In textbook First-Order Mathematical Logic, author Angelo Margaris stated:
The rule of generalization is
$$\large\dfrac{P}{\forall vP}\space\space\space\space \text{ provided $v$ is not restricted}$$
The only interesting applications of this rule occur when $v$ is free in $P$. The idea is that if $P$ is true for $v$, and $v$ is not restricted (i.e., stands for an arbitrary element of the domain), then $P$ is true for every element of the domain.

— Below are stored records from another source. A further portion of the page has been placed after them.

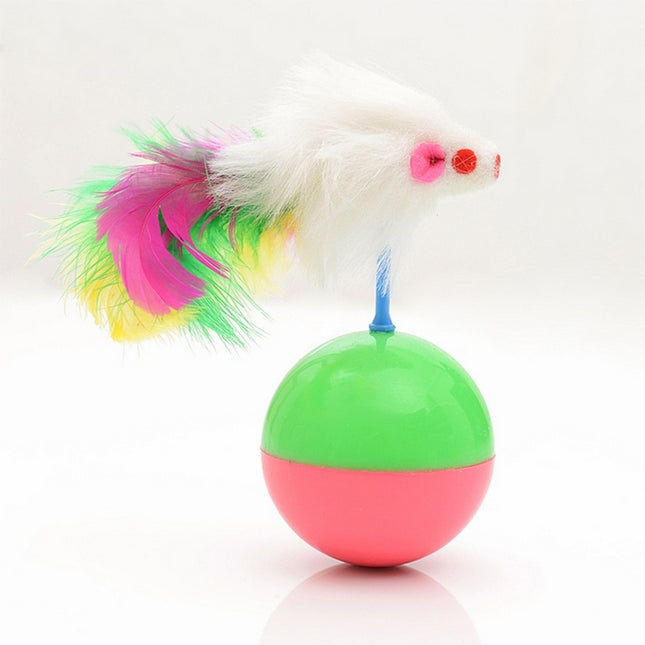 Durable Pet Cat Favorite Toys Feather Mouse Tumbler Plastic Toys Balls, Diameter: 5.5cm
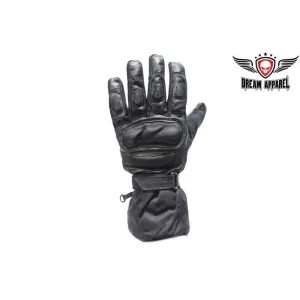 Motorcycle Padded Leather & Mesh Racing Gloves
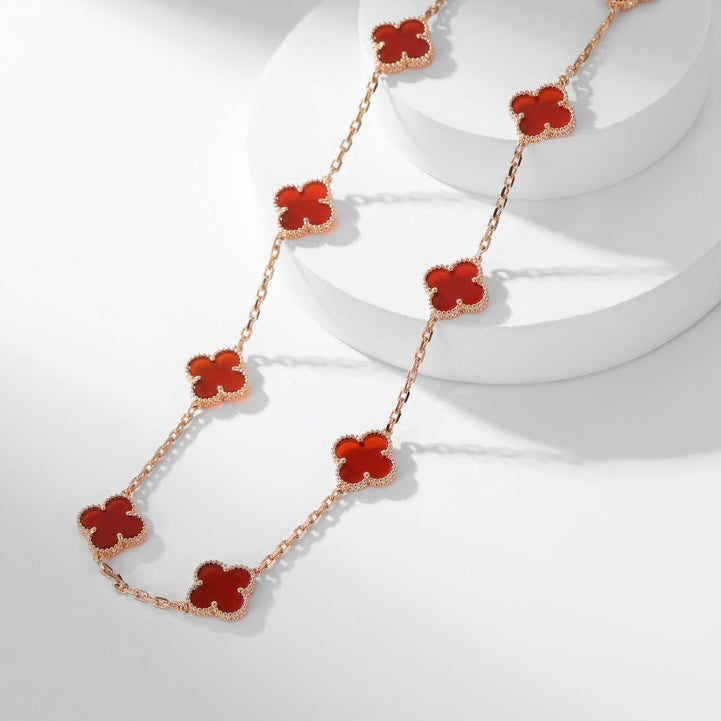 [OAKJURI Jewelry]CLOVER 10 MOTIFS CARNELIAN NECKLACE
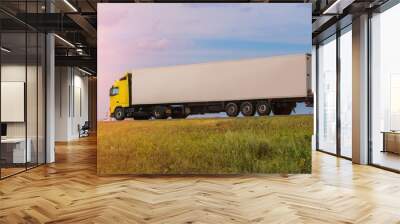 Truck Delivers Cargo on a Country Road against the Background of a Cloudy Sky Wall mural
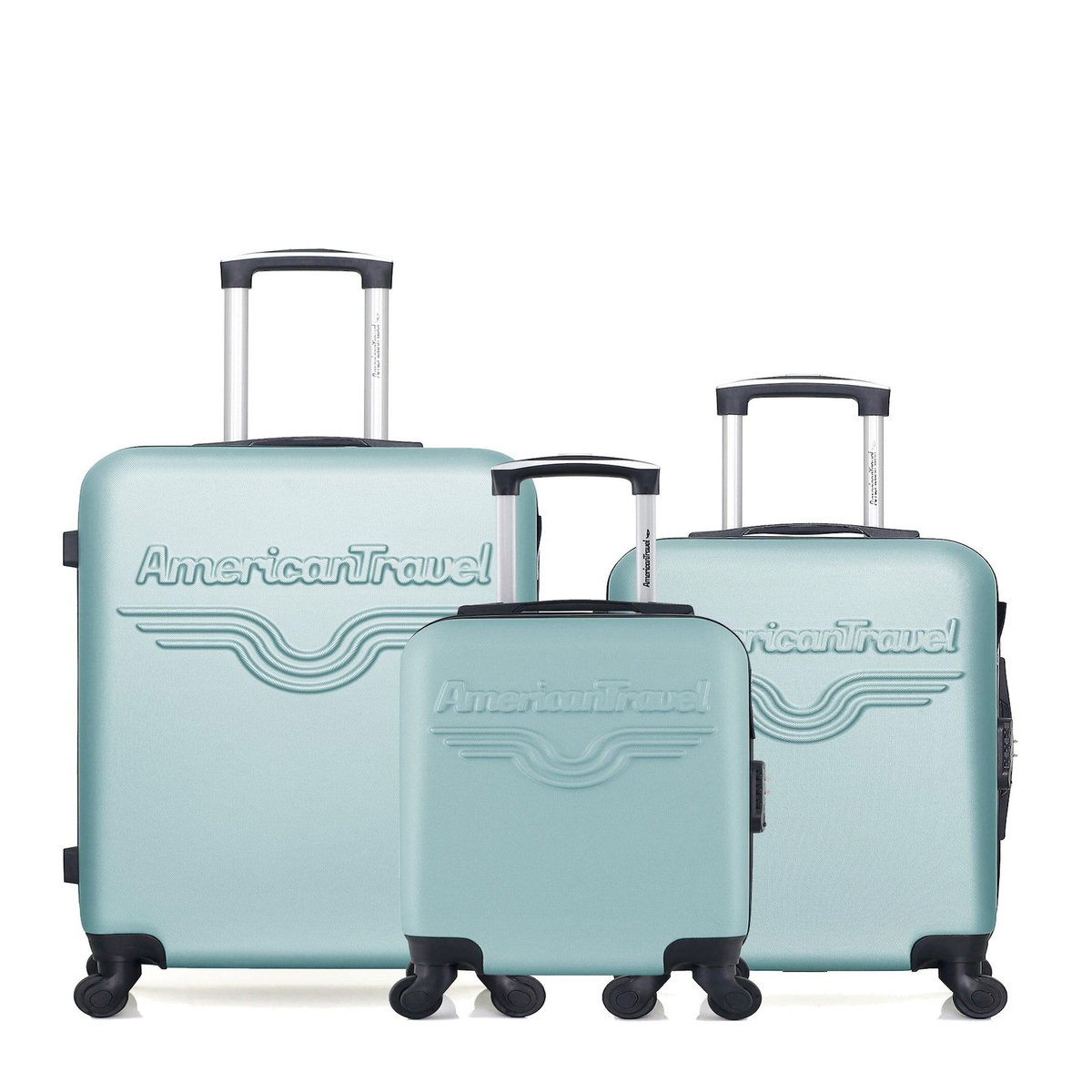 AMERICAN TRAVEL AMERICAN TRAVEL - Lot de 3 - Valise weekend, valise cabine et valise cabine XXS CHELSEA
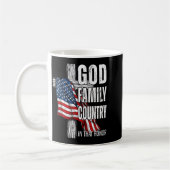 God Family Country American Flag Christian Patriot コーヒーマグカップ (左)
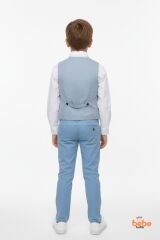 Erkek Çocuk 4’lü Smokin Takım, Gömlek Yelek Papyon ve Pantolon Şık Kombin, Davet & Özel Gün Mavi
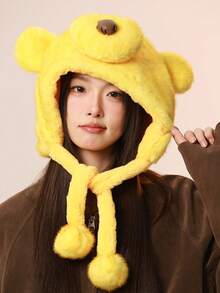 1pc Women's Cute Bear Ear & Nose Design Hat, Fashionable Casual Versatile Warm Earmuff Hat, Suitable For Autumn/Winter Outdoor, Sports, Commuting, Thickened Comfortable Fuzzy Ball Long Cord Plush Hat, Suitable For Daily And Holiday Use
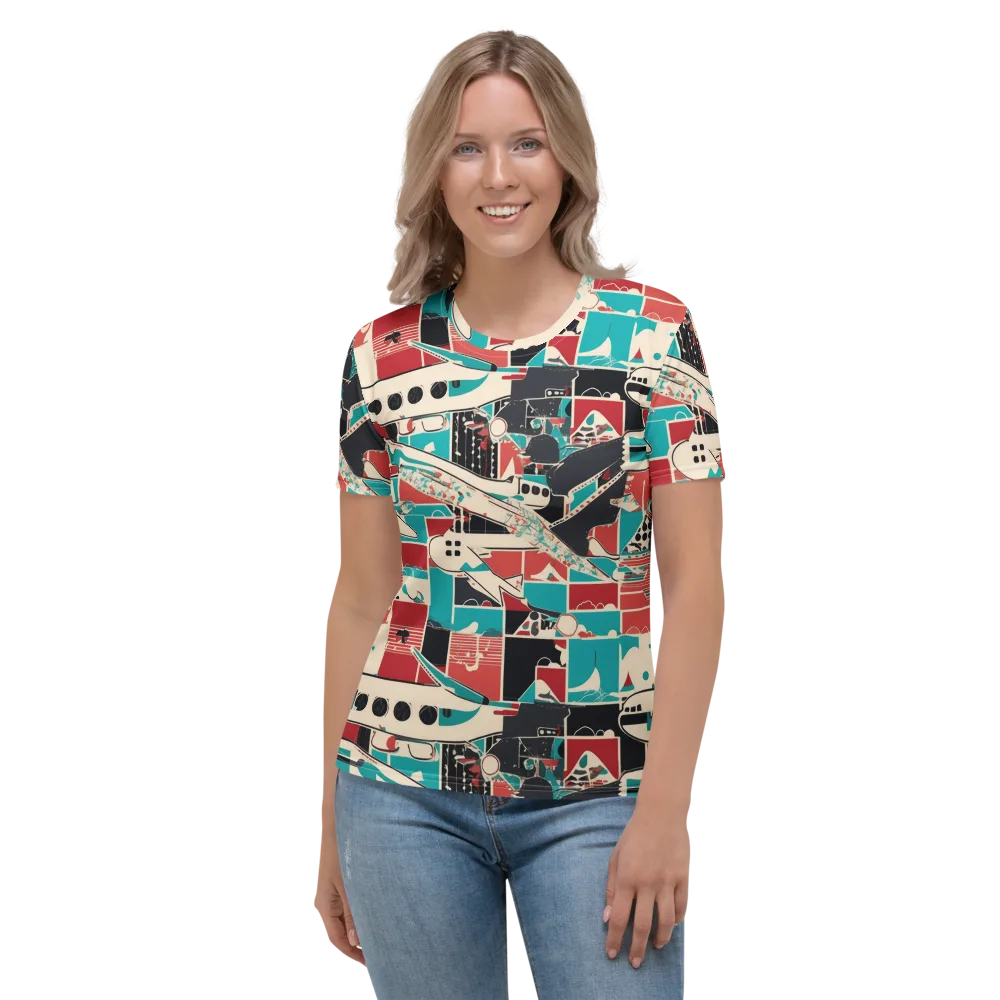 Jet Set Geometry on Women's Crew Neck T-Shirt — Front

The rule of existential elimination is
$$\large\dfrac{\exists vP}{P(u|v)}\space\space\space\space \text{ where $u$ is a variable that is not restricted}$$
The idea is that if $P$ is true for some $v$, then we can choose some object $u$ for which $P$ is true.
My questions:
I would like to confirm that $$P \iff \forall vP \space\space\space\space \text{ provided $v$ is not restricted}$$ or it's just $$P \implies \forall vP \space\space\space\space \text{ provided $v$ is not restricted}$$
Similarly, it's $$\exists vP \iff P(u|v)\space\space\space\space \text{ where $u$ is a variable that is not restricted}$$ or it's just $$\exists vP \implies P(u|v)\space\space\space\space \text{ where $u$ is a variable that is not restricted}$$
I'm not sure what does it mean when the author said $v$ is not restricted (i.e., stands for an arbitrary element of the domain). Does it mean that $v$ has not appeared anywhere in $P$, or that $v$ is free in $P$ (I infer this from The only interesting applications of this rule occur when $v$ is free in $P$)?
Since I've just got into first-order logic from this textbook a couple of hours ago (to solve my previous question here), my questions seem quite silly. I'm sorry for that!
Thank you for your help!
When you write $P\iff \forall x P$ you are writing a sentence. The generalization rule is not a sentence, it is an inference rule, which says if you have derived $P,$ you can infer $\forall x P.$ This is similar in character to an implication, but it's important to maintain the distinction between things said in the formal language and things said outside it.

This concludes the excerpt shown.